Three participants were selected for a study and asked to sleep for several three-hour blocks in an MRI scanner. Once they fell asleep, scientists woke them up and asked them to describe what they'd seen in the dream, grouping them into loose categories and sub-categories like "car," "male," "female," or "dwelling." The group then picked representations of those categories from an online image search and showed them to the participants, once again measuring their brain activity to figure out what patterns might be unique to that concept. Finally, the participants were asked to sleep again, but this time, a machine wouldn't simply record how their brain responded to dreaming — it would attempt to match it to one of the categories with a series of images, as seen in the video below.

When matching the contents of the video to the categories the sleeper actually recounted when asked about a dream, the machine turned out to be right roughly 60 percent of the time, or better than it could have done by random chance. The system was unsurprisingly better at detecting general meta-categories, like whether someone was looking at a person or a scene, than it was at sensing more specific objects.

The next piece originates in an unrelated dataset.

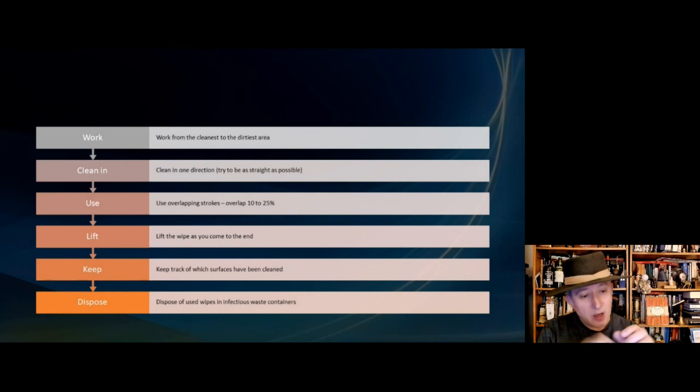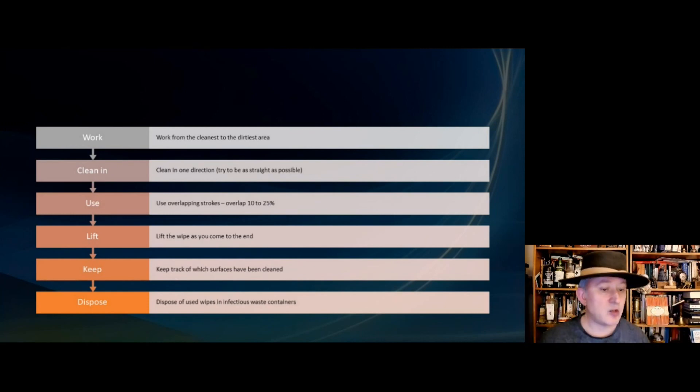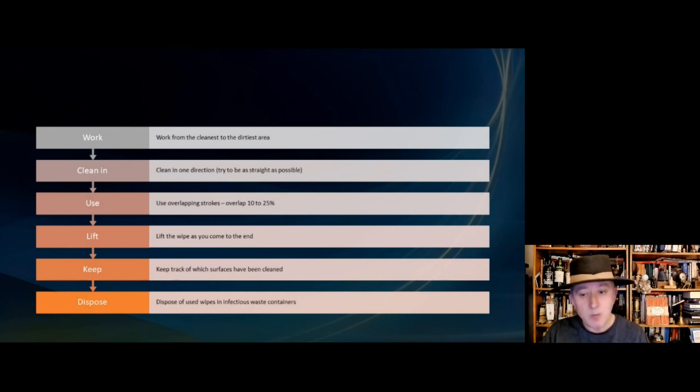We also have to make sure that we're doing slightly overlapping strokes — about 10 to 20 percent overlap — and that's to avoid missing anything in the middle.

Several steps towards effective dream recording have been made over the past several years. In 2005, one of the authors of this paper — Yukiyasu Kamitani — published a similar study in which he detected basic aspects of perception with functional MRI. Kamitani further explored the idea of predicting what people see from their brain activity in subsequent work, reconstructing an image from scratch after having a subject look at it. Another group from UC Berkeley has also been trying to crack the problem of recording dreams. Professor Jack Gallant's lab has put together equally eerie videos reconstructing and decoding people's brain activity as they watch movie trailers, though these are recreations of real visual stimuli, not the images we see while dreaming.